「板倉民家の創出」にようこそ!
このページは今(2025年5月11日午前5時)から順次書き留めてまいります。
私のつたない文書内容に、加除訂正など頻繁に行いつつなんとか想いをお伝えできればと思っております。お見苦しい点多々あろうかと思いますがどうぞよろしくお願いいたします。
ごあいさつ・・・
想像してみてください
家族が愛し大切にしてきた「家」その家が次世代の家族に同じように愛され大切にされる風景をです。
想いを込めた我が家にずーっと住み続けたい。先も親族に住んでもらいたい。その思いは皆さん一緒です。ですがそうならないこともあります。それは仕方ないことなのです。白栗不動産の過去12年間を振り返ったとき古民家に携わった風景はまさにそれなのです。しかし「価値ある家(古民家)が次世代に再び評価される」それはとてもうれしいことです。

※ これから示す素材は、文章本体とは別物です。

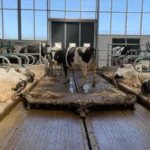 Skrēperis Combiscraper Advance - Image 2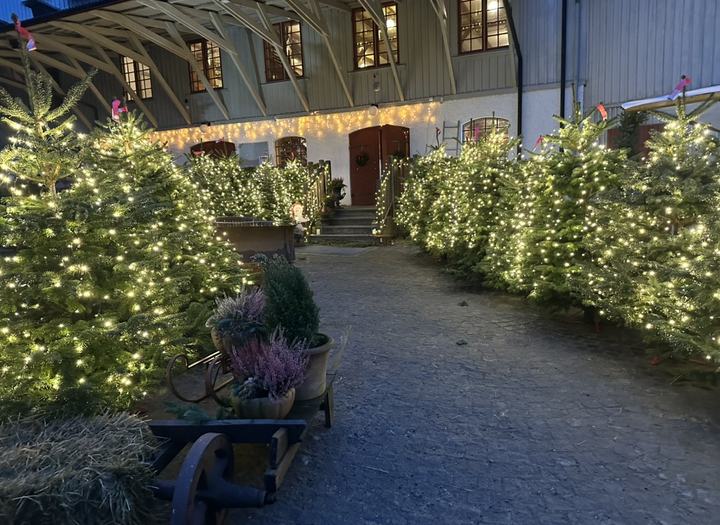 Jul på Vings Kvarn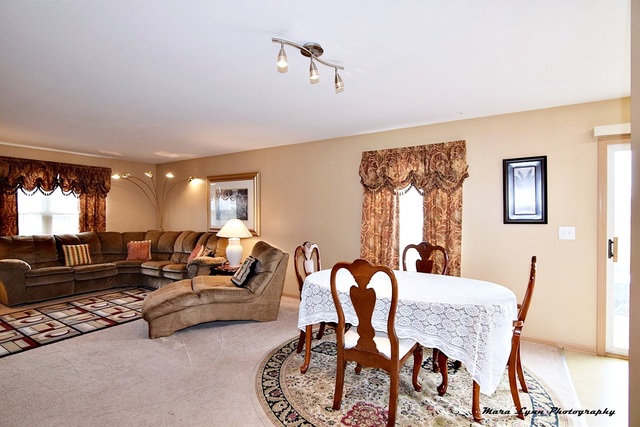 3720 Hoffman St, Plano, IL 60545 photo 9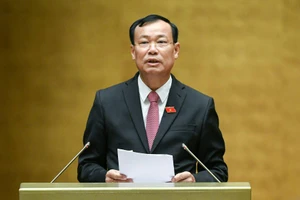 Đấu giá biển số ô tô: Không có căn cứ xác định biển số có số đuôi 49 hay 53 là biển số xấu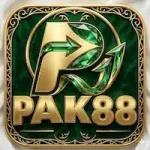 pak888 game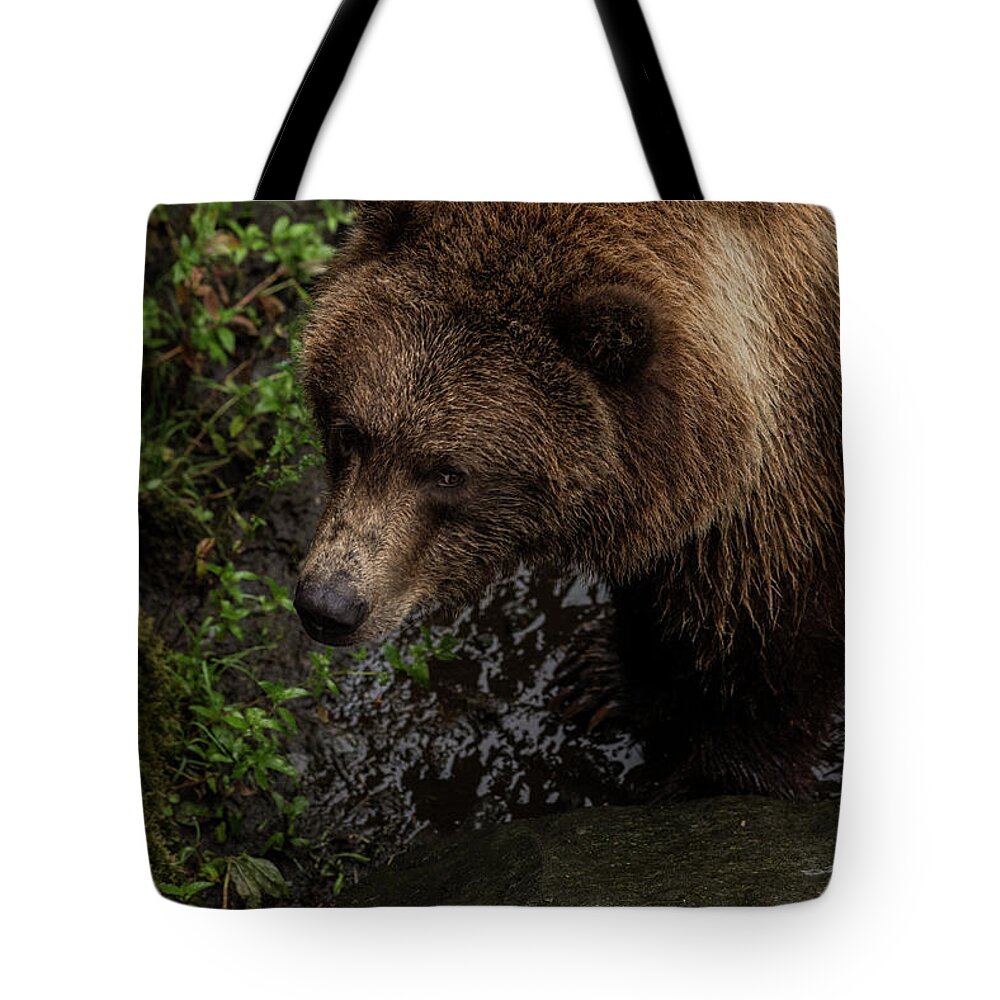 Brown Bear Tote Bag featuring the photograph I see you by David Kirby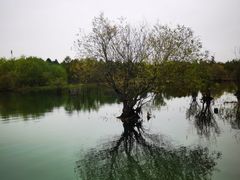 -贡湖湾湿地公园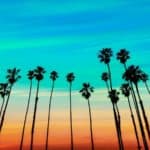 California Sunset Palm Tree Rows In Santa Barbara - California View
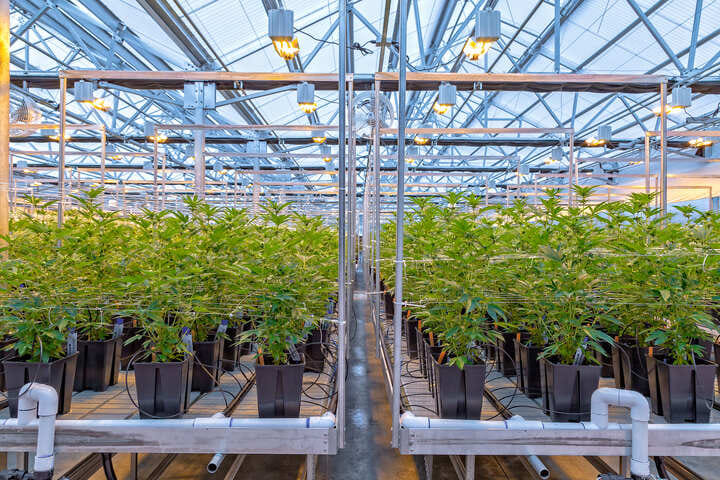 what is cannabis phenohunting?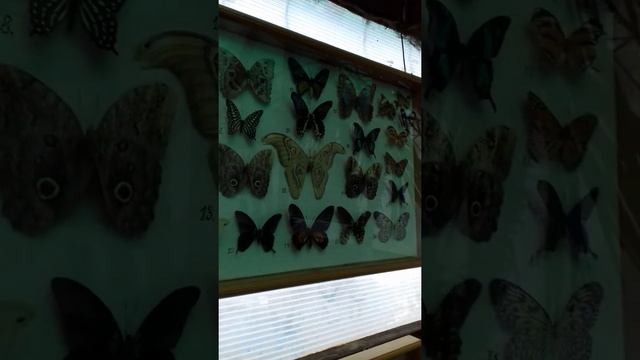 Город счастья музей бабочек смотреть онлайн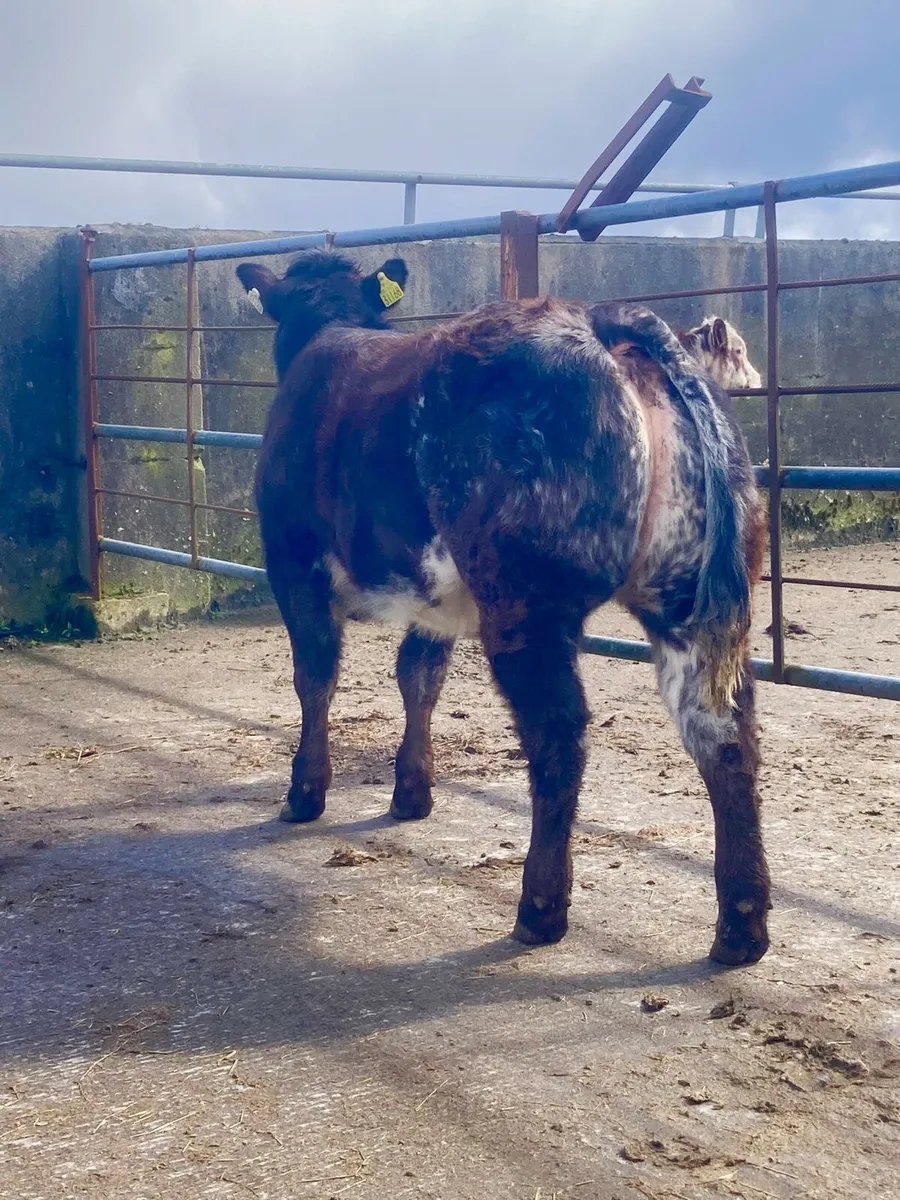 *** 3 Outrageous Heifer Weanlings *** - Image 4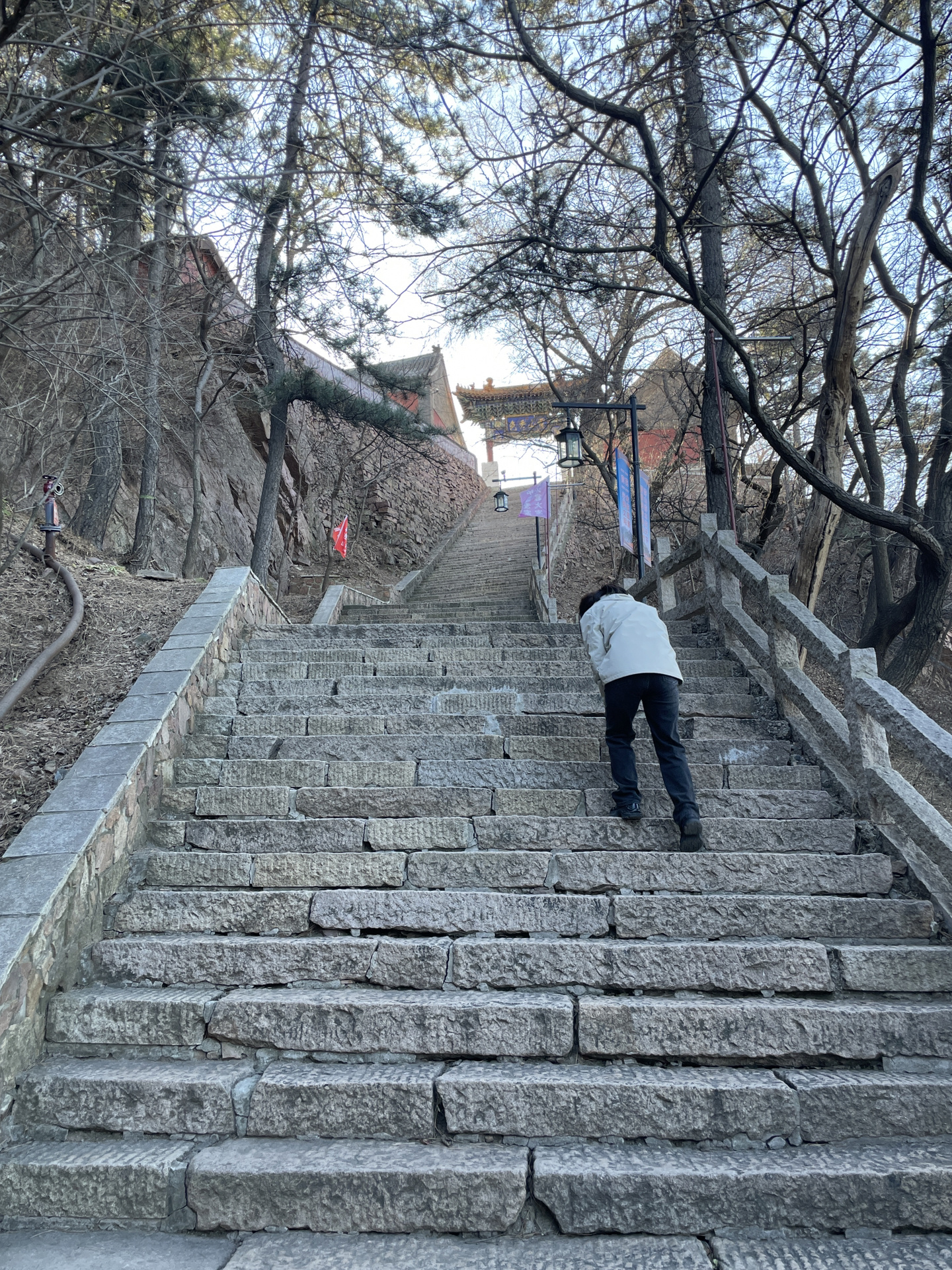 景忠山门票图片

それは「わが子を嫁がせる親の気持ち」ではないでしょうか。
家は、人の一生をはるかに超えて残るもの・残すべきものです。このことを胸に「板倉民家の創出」という私たちが願ってきた事業をいま前に進めてまいりたいと思います。
家は小さくてもいい
長明の方丈庵、良寛の五合庵、海外ではヘンリー・D・ソローの丸太小屋。
共通するものは「心の解放と内面の充実」にあります。それを求めて簡素・簡潔な場所に身を置く、まさに「棲む」という感覚なのでは。
ミニマムなサイズに秘めた「小宇宙」。
私たちが目指すイメージする「板倉民家」は、そんなおもいが遂げられる「家」であればと思っております。
5月12日加筆
はじめに
日本のどこでも、古い木造の建物が壊されています。
理由は様々でその行動に口をはさむことはもちろんありません。
ですが、「もったいない」と思うことも多くあります。
私たちは今まで、壊す一歩手前であった一握りの古い建物の売買、移築、再生などを通して、古い建物を必要とされる方々への橋渡しをしてまいりました。

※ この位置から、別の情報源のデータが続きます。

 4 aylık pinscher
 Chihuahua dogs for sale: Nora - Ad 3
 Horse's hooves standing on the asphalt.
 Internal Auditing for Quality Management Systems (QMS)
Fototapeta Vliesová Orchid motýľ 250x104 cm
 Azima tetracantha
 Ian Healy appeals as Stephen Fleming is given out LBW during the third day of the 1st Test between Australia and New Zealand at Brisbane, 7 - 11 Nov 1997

しかし、古民家専門不動産としての業務、過去12年間を振り返ったとき、
「次世代の古民家となる新たな「民家」を創出できていない」と言う忸怩たる思いが常にありました。
いまその思いを胸に、業務で得た断片的な情報を集め、考え、まとめたときに、
昔から飛騨地方の農山村に点在する穀物倉庫「板倉」に着目し、
もしもこの板倉で暮らすことができたなら「きっと素晴らしいだろうなあ~」という空想に似た感覚を前に、進めようと思い至ったのです。
5月14日加筆
「私たちは板倉の潜在能力を引き出した新たな感覚の住居を提案します」
板倉は、農山村地域に暮らす人たちの調度品や穀物を保管するための小さな純木造建築物です。
板倉もまた時代の流れの中で新たに造られることはなく年々数は少なくなっていますが、飛騨の農山村の原風景を想起させてくれる心の砦だと思っています。
街中の土蔵は耐火建築物。使用目的は同じでも建築日数・費用の面で大きく異なる、似て非なるものと言えるでしょう。
板倉が美しいと言えるのはその素朴さにあります。
母屋からの類焼避けるための距離(立地)と、その簡素・簡潔な佇まい。
加えて、板倉はとても頑丈な構造を併せ持つ建築物でもあります。
どこから見ても美しい板倉が放つ精神性にも似た懐かしさ、時代という砥石で磨きに磨かれてきた
シンプルな構造・意匠に本当の価値を見出していただきたいのです。
私たちは「板倉に思いを込めよう!」と決心しました
先人の知恵と板倉の素養を尊重してまいります
そして
100年先も凛と佇む立派な古民家「板倉民家」を創出したいと思います。
「古い家のない街は、思い出のない人と同じ」~東山魁夷~
次世代のための創出、その中心にあるのは、
良い職人、良い材料、そして、あなたです
さあシンプルに目的をめざしましょう!
簡素・簡潔の先にある豊穣の家づくりのために!
白栗不動産がお手伝いいたします
5月18日加筆
「いい板倉民家を建てるために」
”家を建てるのは誰でもない職人 ”
昔、「野丁場、町場、檀那場」といういわゆる作業の進め方を話し合う「場」があったそうです。
今で言うと建築会議のようなものでしょうか。
檀那とは「だんな」施主のことです。
以下引用
「場」という一つの言葉にも私ら職人の歴史がうめこまれているのだが、いわばそうした仕事の場の他にもうすこし私ら職人にとって重い「場」がかつてあったということを思い起こすことも無駄ではあるまい。 中略
左官職は、塗り壁の仕事に入る前の「檀那場」をたてて、それがだんなの縁側である場合もあろうし、左官のせまい座敷であるかもしれないが、兎も角だんなをいれた場を設けて、大工と左官が塗り壁の仕事を話し合う場の事である。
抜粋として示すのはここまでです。